» REQUIRED ACTION
Word for word, return each entry that follows, with every image removed.

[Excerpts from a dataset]
______________________________

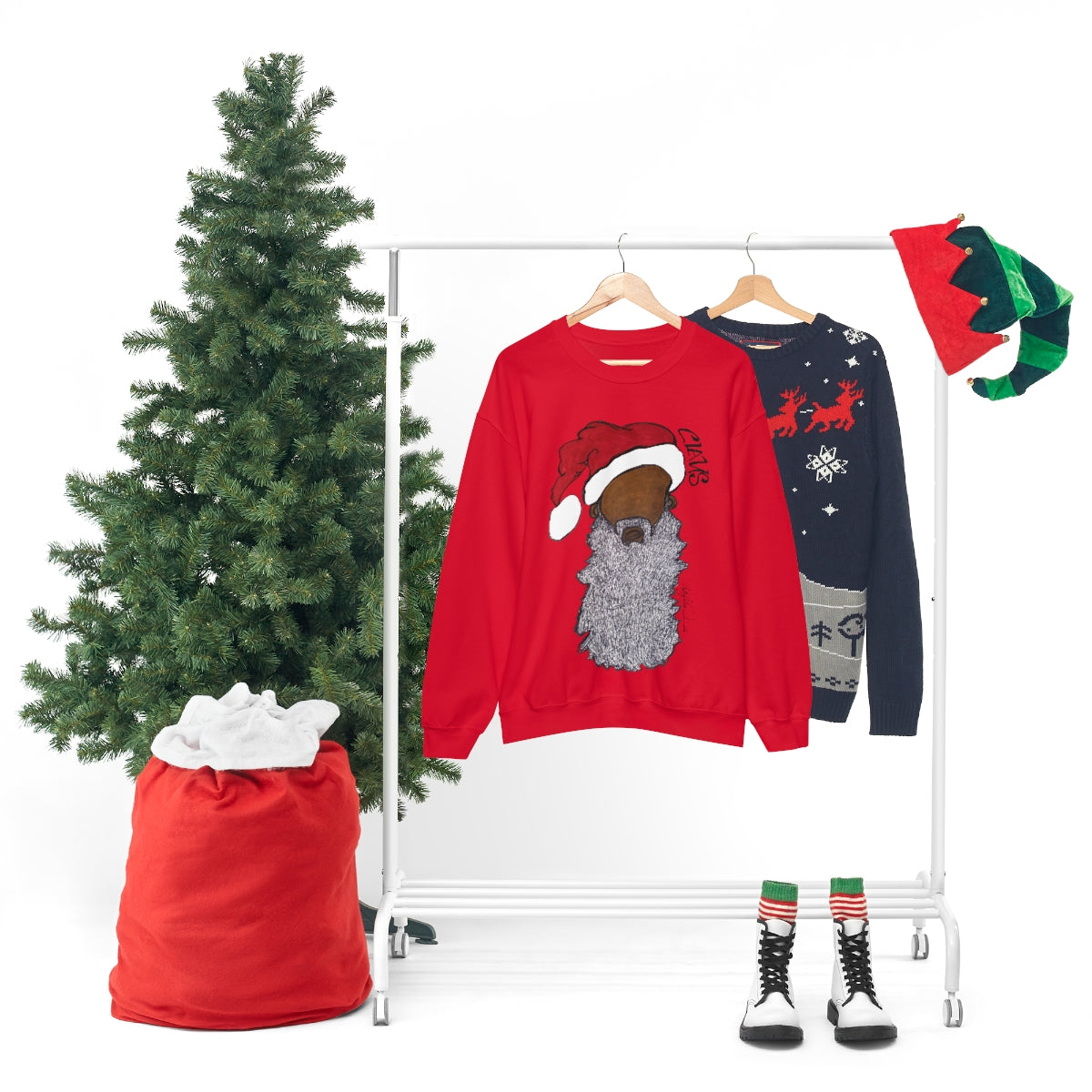 Claus Crewneck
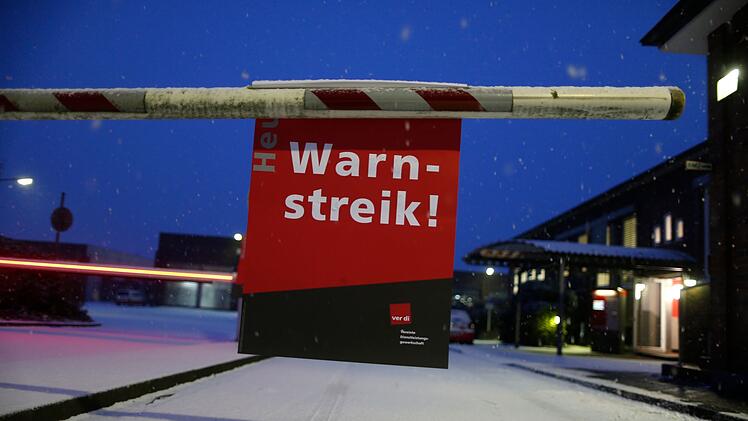 Warnstreik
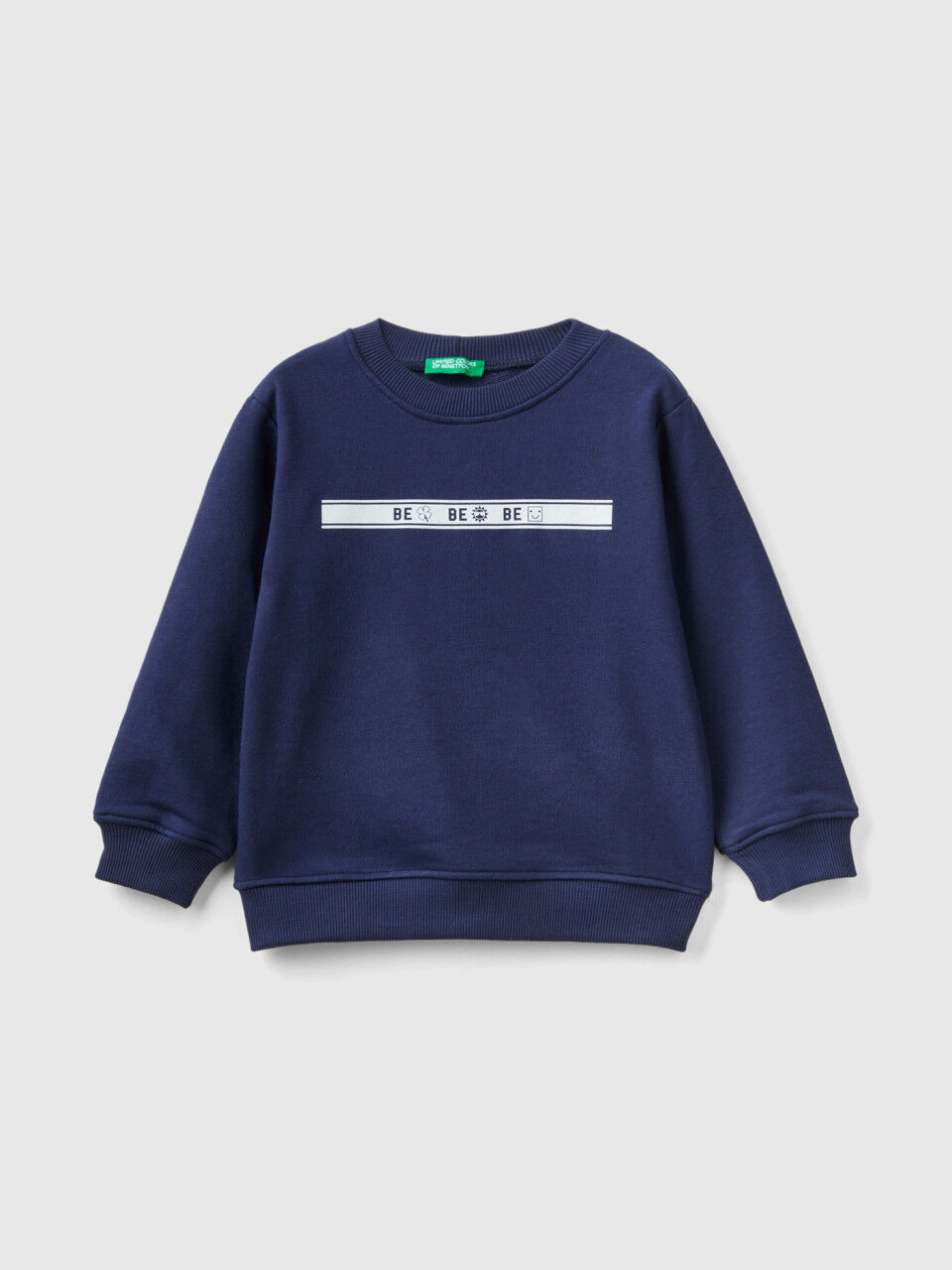 Azul Bebe nino Kid 3 meses 4 anos Coleccion 2024 Benetton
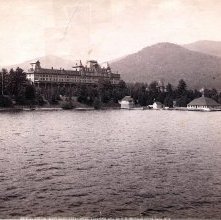 206. Fort William Henry Hotel. Lake George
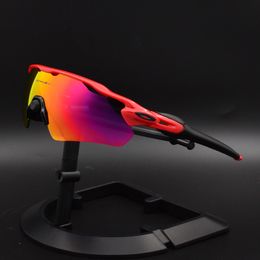 Lunettes de soleil 2024 Cycling Eyewars UV400 Polaris Black Lens Cycling Sold Sports Sports Riding Glasses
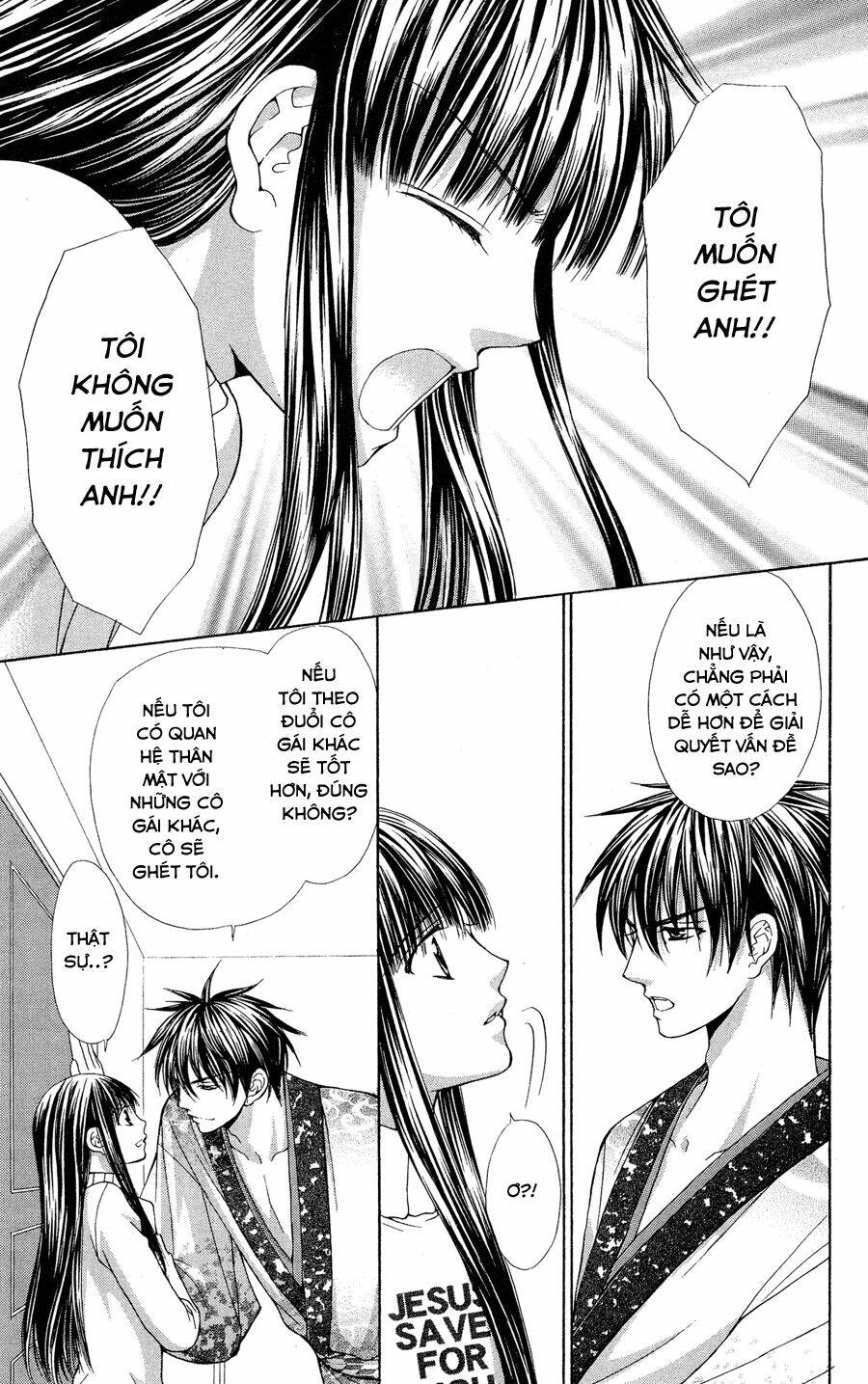 chuyện tình yêu của nữ tư tế chapter 8.1 7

______________________________

» ANSWER TO THIS PROBLEM
 Claus Crewneck
 Warnstreik
 Azul Bebe nino Kid 3 meses 4 anos Coleccion 2024 Benetton
 206. Fort William Henry Hotel. Lake George
 Lunettes de soleil 2024 Cycling Eyewars UV400 Polaris Black Lens Cycling Sold Sports Sports Riding Glasses
 chuyện tình yêu của nữ tư tế chapter 8.1 7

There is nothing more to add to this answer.